Over the years, the share of agricultural workers in the total workforce has been falling at a slower rate than the share of agriculture in the GDP. Between the period of 1961 and 1999, the share of agriculture in the GDP fell by 30 percentage points, and the decline in the share of agriculture in employment was 15 percentage points.
There have been intermittent phases of growth and stagnation in the Indian agrarian economy which has been reflected in the crisis that the farmers have gone through at various times. During the growth period, due to the supply pressure, agricultural prices remained subdued, and during the period of stagnation, when prices rose, the benefits never trickled down to the farmers. The agricultural sector, overall, was stuck in this continuous loop which adversely affected the farmers by not making enough cash available to them. This further made the farmers economically vulnerable as a result of which they became prone to various economic shocks in the factor, product, and credit markets. The changes in the agricultural policies in the post-reform period in the 1990s further aggravated the complacency that farmers had to face. The states that were most affected by this are Karnataka, Andhra Pradesh, Maharashtra, and Punjab. With production and prices being stagnated, farmers had to face acute distress which pushed them to take a deadly step like suicide. Some of the other factors that had a role to play in increasing farmer’s distress are the emergence of the World Trade Organization, genetically modified varieties of seeds, and the introduction of technology without equipping the farmers with the required skill set, infrastructure, and funds to use the technologies.

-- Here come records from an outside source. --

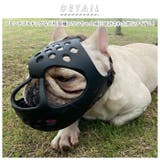 犬用 口輪 短頭種 kdogmaskhd025 | BACKYARD FAMILY | 詳細画像2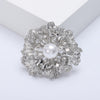 Silver Flower
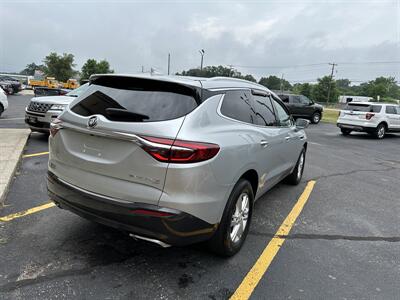 2018 Buick Enclave Essence   - Photo 6 - Elkhart, IN 46514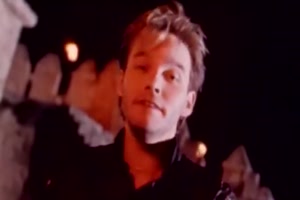 CUTTING CREW - I've Been In Love Before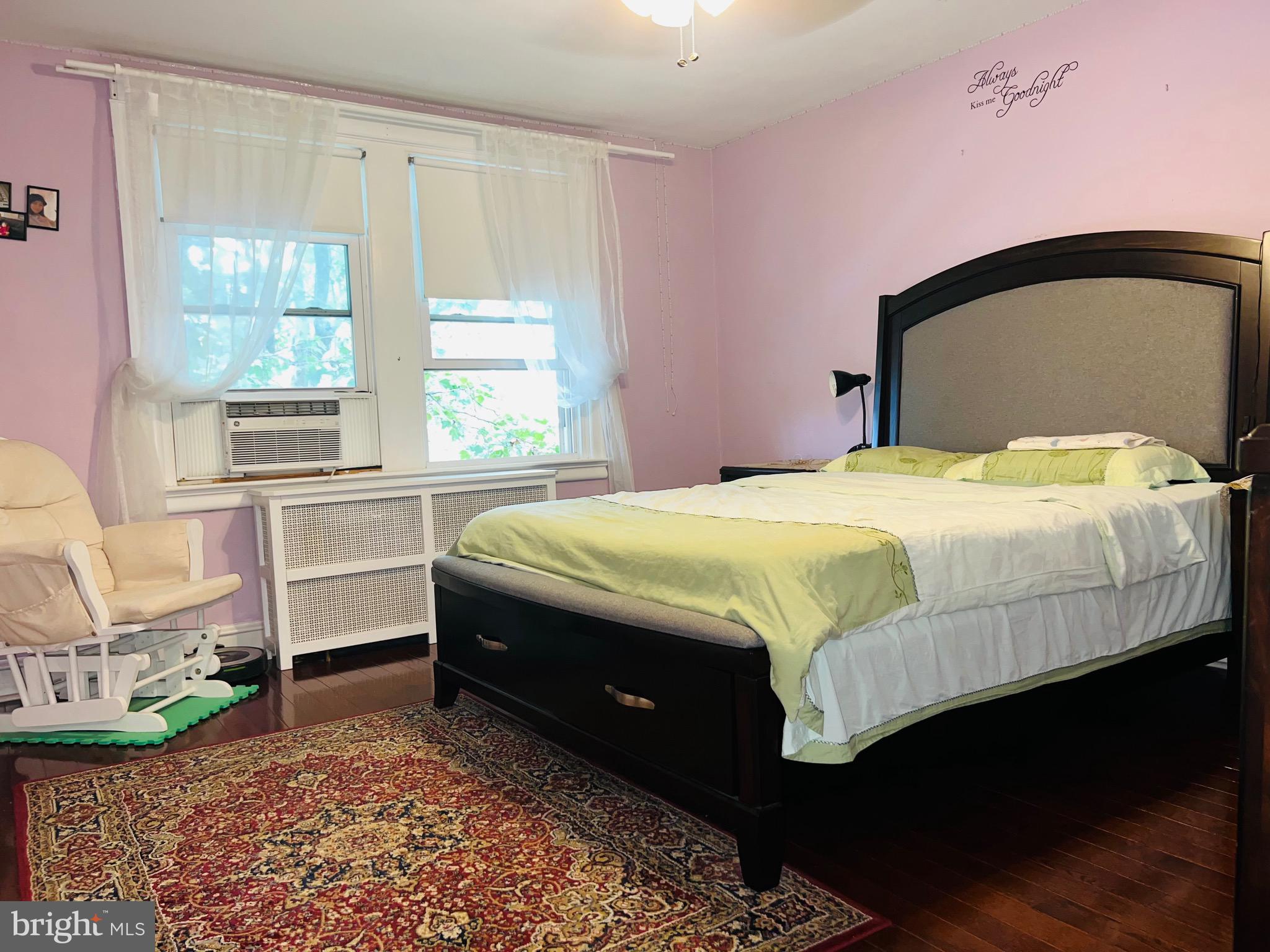 MAYFAIR - Residential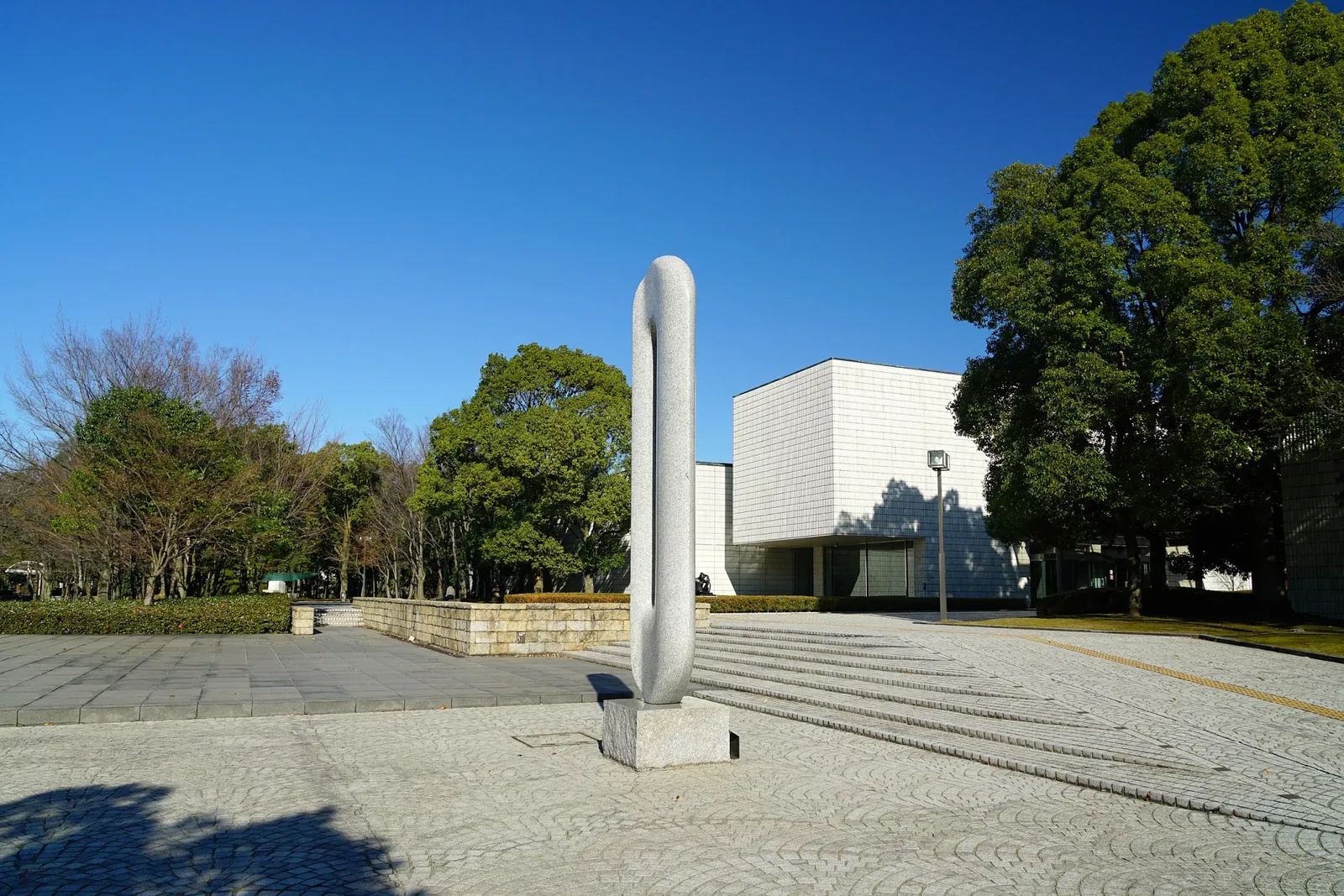 The Museum of Fine Arts, Gifu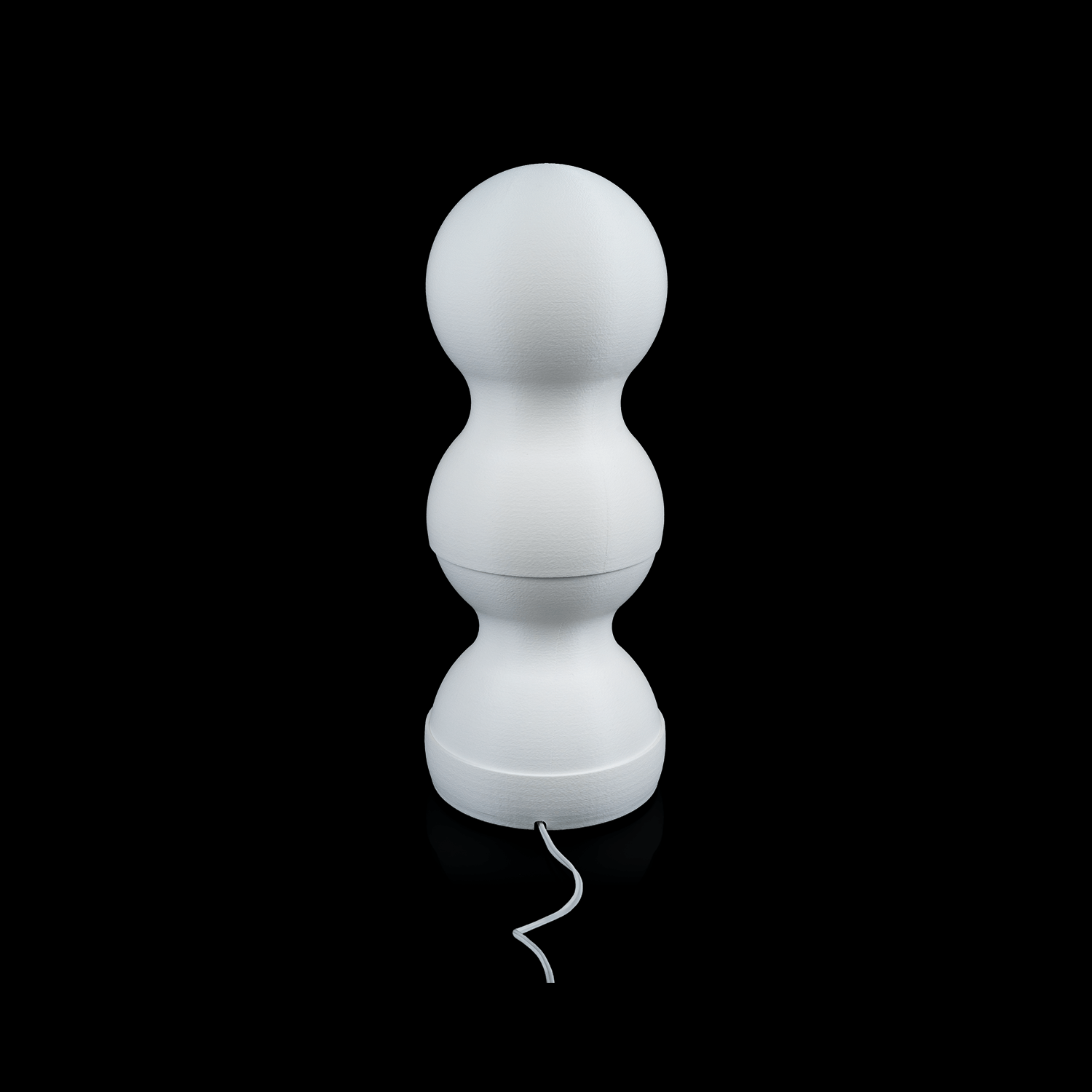 Lámpara de mesa Lumen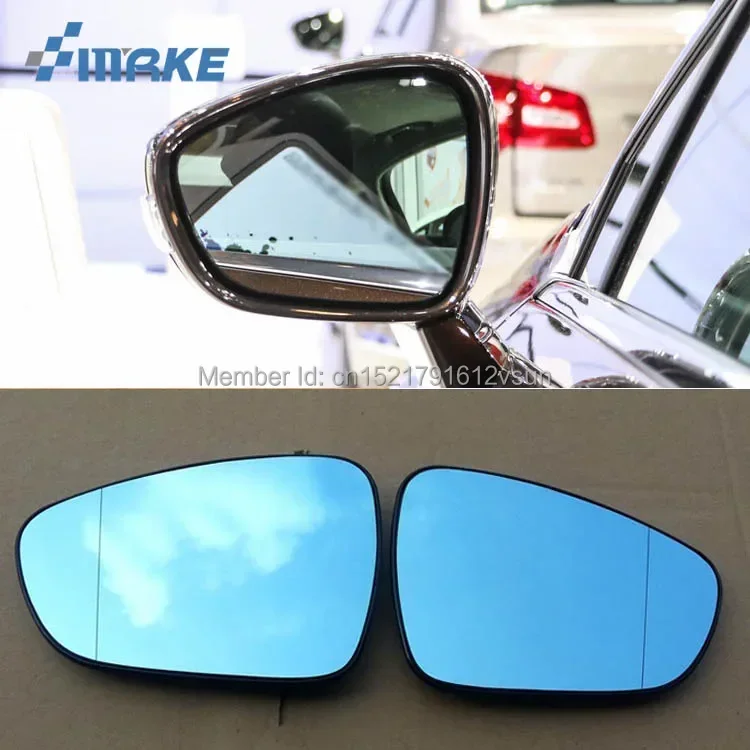 2Pcs for Citroen C5 Rearview Mirror Blue Glasses Wide Angle Led Turn Signals Light Power Heating
2Pcs for Citroen C5 Rearview Mirror Blue Glasses Wide Angle Led Turn Signals Light Power Heating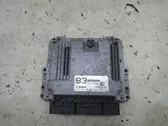 Engine control unit/module ECU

Farmers hardly have any role to play in determining the market prices, be it in the factor market or the product market. They become mere observers and silently accept what they are provided with. Hence, the role that farmers play in determining market prices is minimal. However, they are the ones who face the consequences of market uncertainties the most. Along with price fluctuations in the factor and product market, they have to deal with uncertain climate conditions, natural calamities, and also lack of access to infrastructure and technologies.
New Economic Reforms And The Agrarian Crisis
The New Economic Reforms in the 1990s were destructive for the agricultural sector in the Asian countries in the sense that it constantly undermined the food security of these countries. All the trade restrictions on the agricultural sector were lifted by India with the introduction of the reforms as a result of which there was a fall in the area under food crop production by 5.4 million hectares. The economic reforms of the 1990s led to an increase in the number of near landless households as well thereby worsening the conditions of the marginal farmers and cultivators. In the period between 1970-71 and 1991-92, there was a jump in the number of near landless households from 30% to 48%. (Reddy & Mishra, 2008)
It was the gross negligence of the agricultural sector in the mid-1980s that further worsened the situation of the farmers in the post reforms period. From the mid-1980s, economic reforms in Indian agriculture accelerated the process of the brewing of public and private resource crises. In Indian agriculture, gross capital formation (GCF) has declined dramatically. In agriculture, the public sector GCF decreased to one-third in 1999-2000, from the average in 1980-1. The share of spending on agriculture and allied activities in the plan decreased from 6.1% to 4.5%. There were major gaps in the basic infrastructural facilities. On top of that, withdrawal of the state’s support in the name of economic reforms further deepened the crisis. In places where the land was dry, there was an absence of state-supported irrigation systems which forced these farmers into the loop of indebtedness. Due to the trade liberalization in the agricultural sector, the commercial or the cash crops such as cotton, pepper, and sugarcane among others suffered further because of volatility in their prices. Further, the removal of quantitative restrictions led to a reduction in the import tariff from 35% in 2001-02 to 5% in 2002-03 to facilitate international trade which was a hole that the government dug for the domestic farmers who produced this cash crops. The increasing importance of export trade-exposed farmers to high-yielding artificially engineered crops without taking into consideration the suitability of the same to the indigenous conditions. This further led to a fall in the income of the farmers as they incurred losses due to the usage of unsuitable technologies.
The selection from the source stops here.